WORK TO COMPLETE: Set down every record below exactly as it stands, with the pictures omitted.

INPUT FOR THIS TASK:
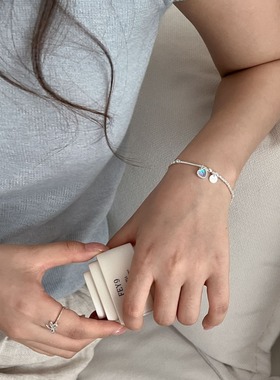 925纯爱心银月光石手链女轻奢小众精致手镯2024新款甜美高级感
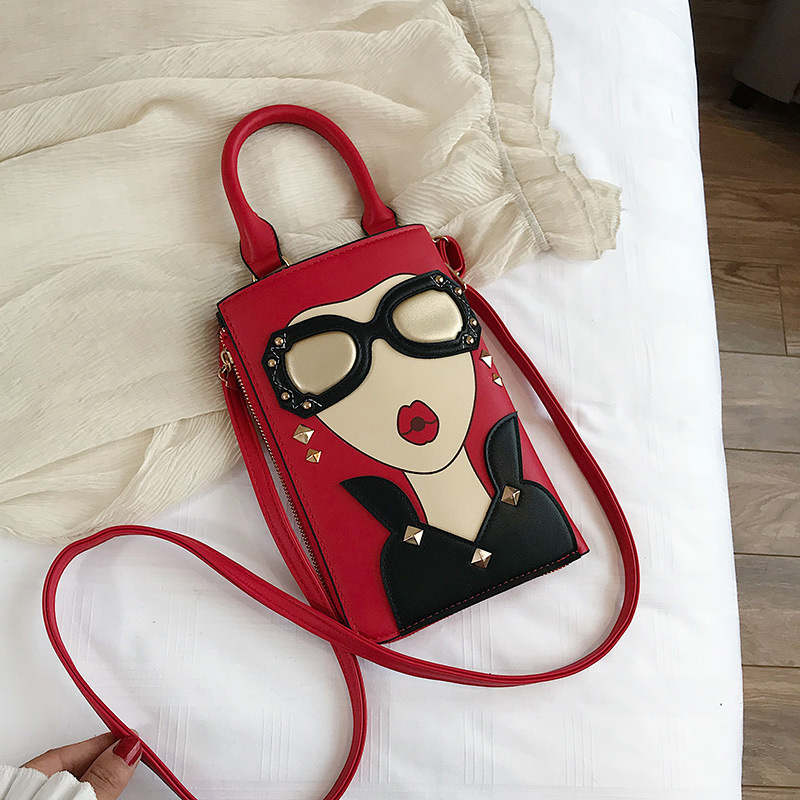 Personalized 3D Ladies Leather Top Handle Handbags Crossbody Shoulder Bags-Red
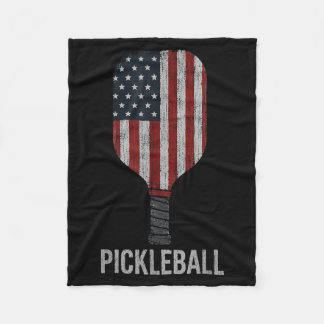 Couverture Polaire Raquette de Pickleball Patriotique Drapeau 4 Juill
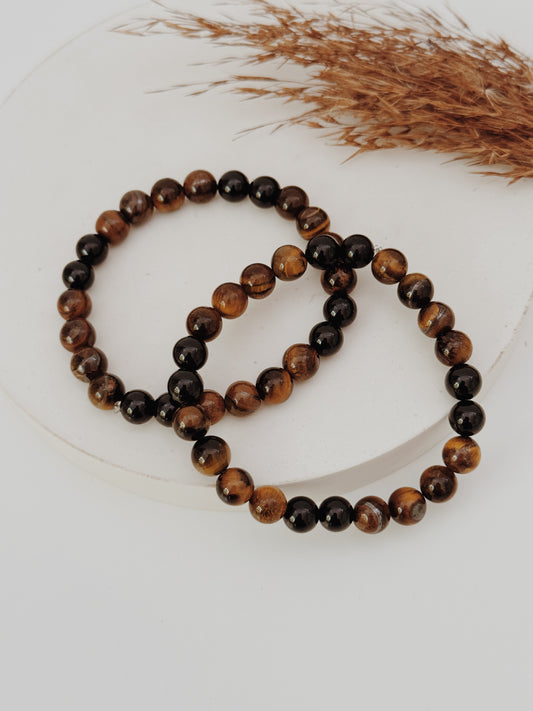 Pulseira Homem - Olho de Tigre e Turmalina Negra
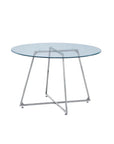 Table de repas HELOISE pied CHROME transparent 120cm de diamètre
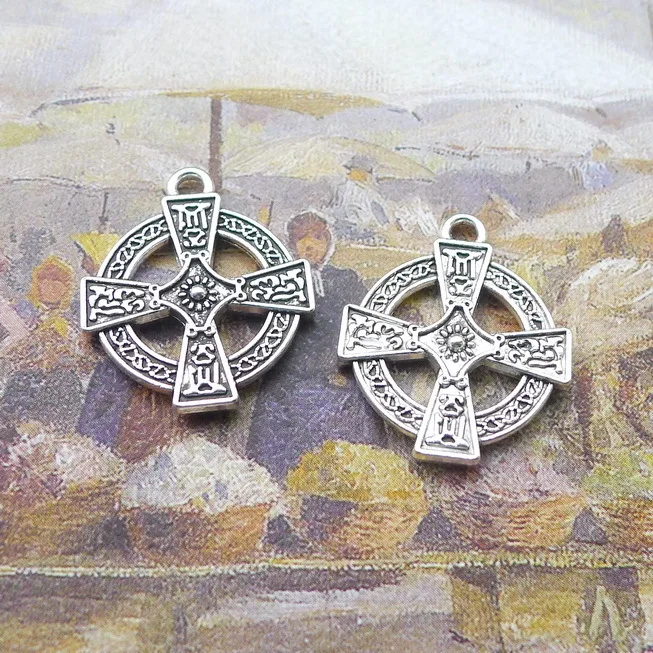 

10pcs/Lot 20x24mm Cross Circle Wheel Alloy Charms Antique Silver Color Pendants for DIY Jewelry Making Charm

ANSWER SPACE:
 925纯爱心银月光石手链女轻奢小众精致手镯2024新款甜美高级感
 Personalized 3D Ladies Leather Top Handle Handbags Crossbody Shoulder Bags-Red
 Couverture Polaire Raquette de Pickleball Patriotique Drapeau 4 Juill
 Pulseira Homem - Olho de Tigre e Turmalina Negra
 Table de repas HELOISE pied CHROME transparent 120cm de diamètre

10pcs/Lot 20x24mm Cross Circle Wheel Alloy Charms Antique Silver Color Pendants for DIY Jewelry Making Charm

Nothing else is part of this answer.